I think that pumpkins are down around $11-12 via official channels though you can get them in the swap and shop for less than that now that people have them breeding and are starting to sell them.

Once some of the Sunkist Sakuras that Nick spread around the bay area start to breed for people we will see what they start going for around here. Assuming that he stuck with the original plan to spread out the berried females that he got a bit.

Since both are neocaridinas though I expect both to be affordable by the end of the year (if not by the summer).


----------



## speedie408 (Jan 15, 2009)

HolyAngel said:


> I didn't see the name "sunkist sakura" anywhere in that article.. Only "orange sakura".. Why name it sunkist when sunkist already refers to propinqua? Definitely room for confusion. I think it should still be called Orange Sakura.


I'm just calling them what my source tells me. There's no doubt they are indeed the same shrimp. Why they're not called "Sunkist" Sakura in the magazine, I don't know, sure beats me. :icon_roll


----------



## speedie408 (Jan 15, 2009)

madness said:


> Once some of the Sunkist Sakuras that Nick spread around the bay area start to breed for people we will see what they start going for around here. Assuming that he stuck with the original plan to spread out the berried females that he got a bit.
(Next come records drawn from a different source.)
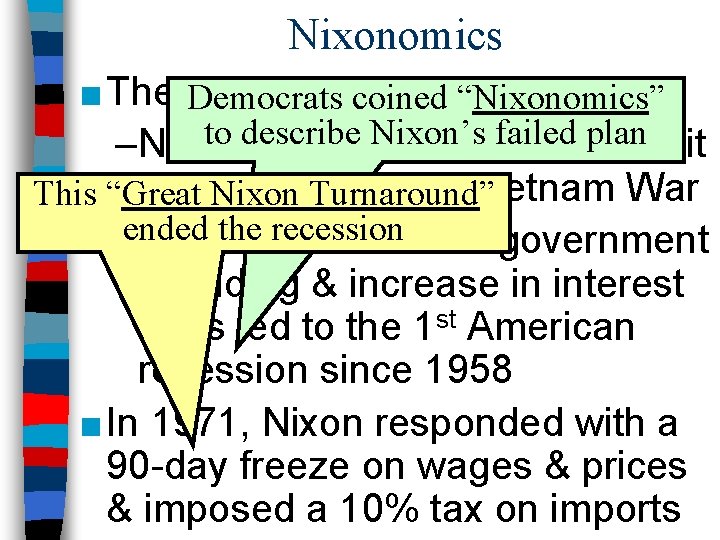 Nixonomics ■ The economy was a“Nixonomics” challenge: Democrats coined to describe Nixon’s failed plan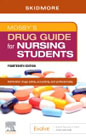 Mosbys Drug Guide for Nursing Students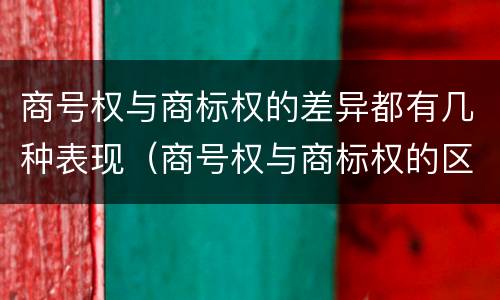 商号权与商标权的差异都有几种表现（商号权与商标权的区别）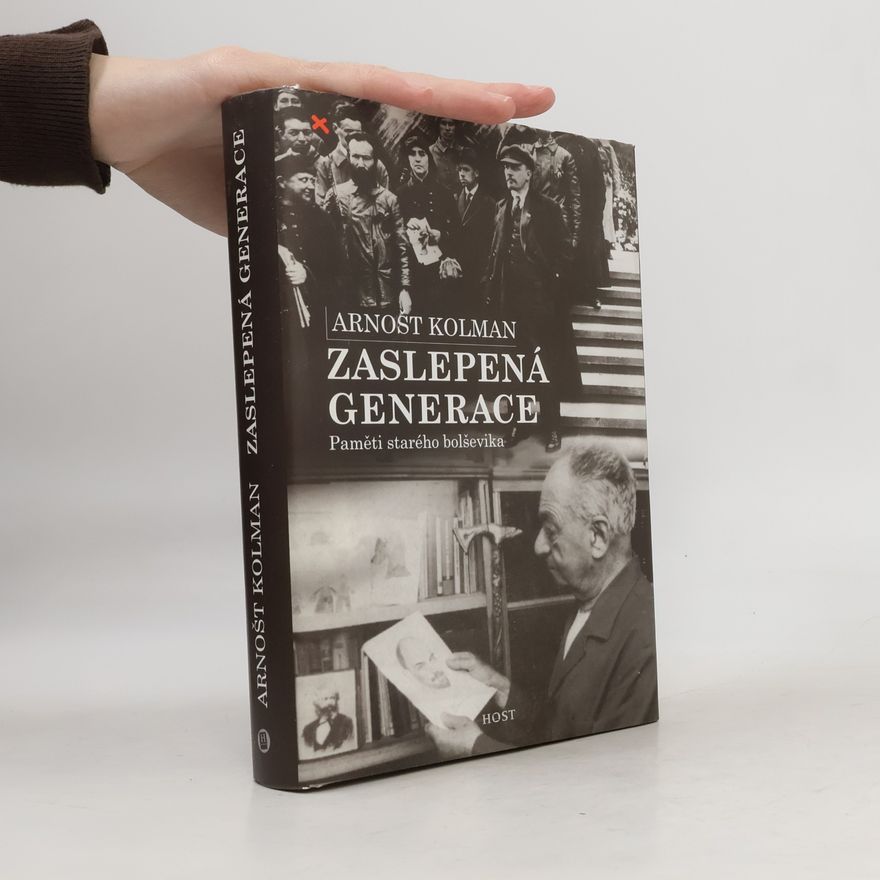 Ada Kolmanová Zaslepená generace. Paměti starého bolševika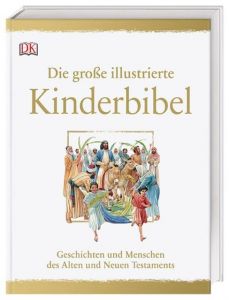 Die große illustrierte Kinderbibel Claude-Bernard Costecalde 9783831035571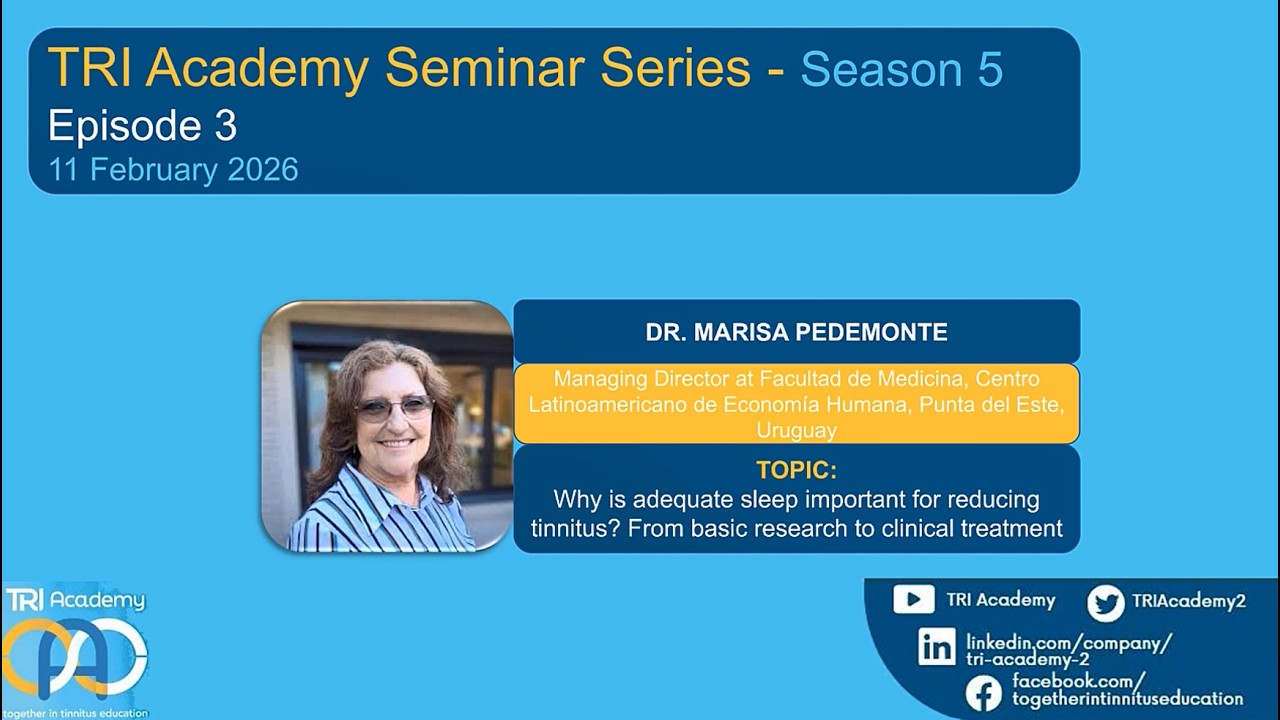 S5E3S2 2/2: Why is adequate sleep important for reducing tinnitus? by Dr Marisa Pedemonte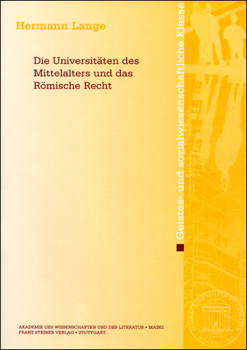 Paperback Die Universitaten Des Mittelalters Und Das Romische Recht [German] Book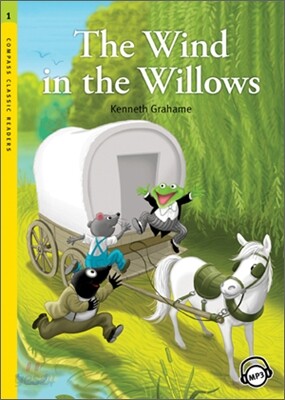 Compass Classic Readers Level 1 : The Wind in the Willows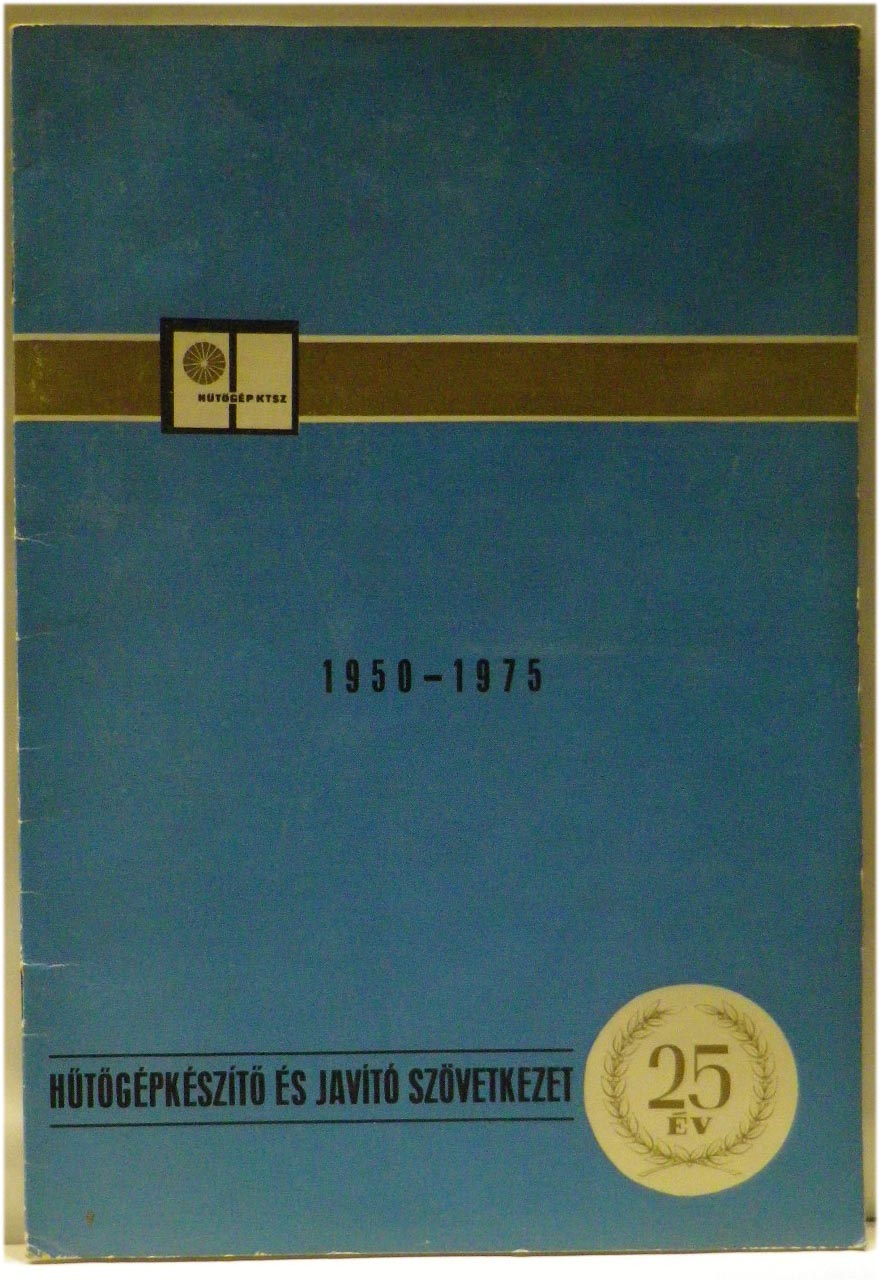 A Hűtőgépkészítő és Javító Szövetkezet 25 éves jubileumi kiadványa 1950–1975. 18 p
I sold and gave away possibly up to 15 FAT/berried females to a few locals here... Not sure all of them are TPT members (lurkers maybe) but I have a gazillion hatchlings that are currently in my custody so it won't be long. I promise I won't sell them for an arm and a leg since these are "homegrown" and not imported. I also sent out a few to some TPT members who were brave enough to accept the no DOA shipping on these beauties. They all made it to their destination OK to say the least.


----------



## hedge_fund (Jan 1, 2006)

speedie408 said:


> I'm just calling them what my source tells me. There's no doubt they are indeed the same shrimp. Why they're not called "Sunkist" Sakura in the magazine, I don't know, sure beats me. :icon_roll


There was an aquabid seller calling them Sunkist Sakura as well and he confirmed that they were neocardina (they were coming from Asia).


----------



## HolyAngel (Oct 18, 2010)

speedie408 said:


> I'm just calling them what my source tells me. There's no doubt they are indeed the same shrimp. Why they're not called "Sunkist" Sakura in the magazine, I don't know, sure beats me. :icon_roll


Yeah, I mean, I do definitely agree with you that sunkist Sakura and orange Sakura are the same thing and not a propinqua species. But naming it sunkist Sakura over orange Sakura is just weird.. May it be just your source that is naming them that? From the article it seems like most other breeders that have them are referring to them as orange Sakura, but that could just be the way it's written and not a fact at all.. But it makes sense rather than renaming to sunkist.. Idk, just some thoughts. Thanks for the read ^^


----------



## speedie408 (Jan 15, 2009)

hedge_fund said:


> There was an aquabid seller calling them Sunkist Sakura as well and he confirmed that they were neocardina (they were coming from Asia).


Got a link?


----------



## azjenny (Dec 2, 2011)

I have some Pumpkins and they don't have orange legs like that one. Even the large adult female with an almost opaque, bright orange shell.
Do all the Sunkist Sakuras have orange legs like that, or is that one a really nice one?


----------



## speedie408 (Jan 15, 2009)

HolyAngel said:


> Yeah, I mean, I do definitely agree with you that sunkist Sakura and orange Sakura are the same thing and not a propinqua species. But naming it sunkist Sakura over orange Sakura is just weird.. May it be just your source that is naming them that? From the article it seems like most other breeders that have them are referring to them as orange Sakura, but that could just be the way it's written and not a fact at all.. But it makes sense rather than renaming to sunkist.. Idk, just some thoughts. Thanks for the read ^^


Here are 2 links for you bud, that shows my source probably isn't the only one calling them Sunkist Sakuras.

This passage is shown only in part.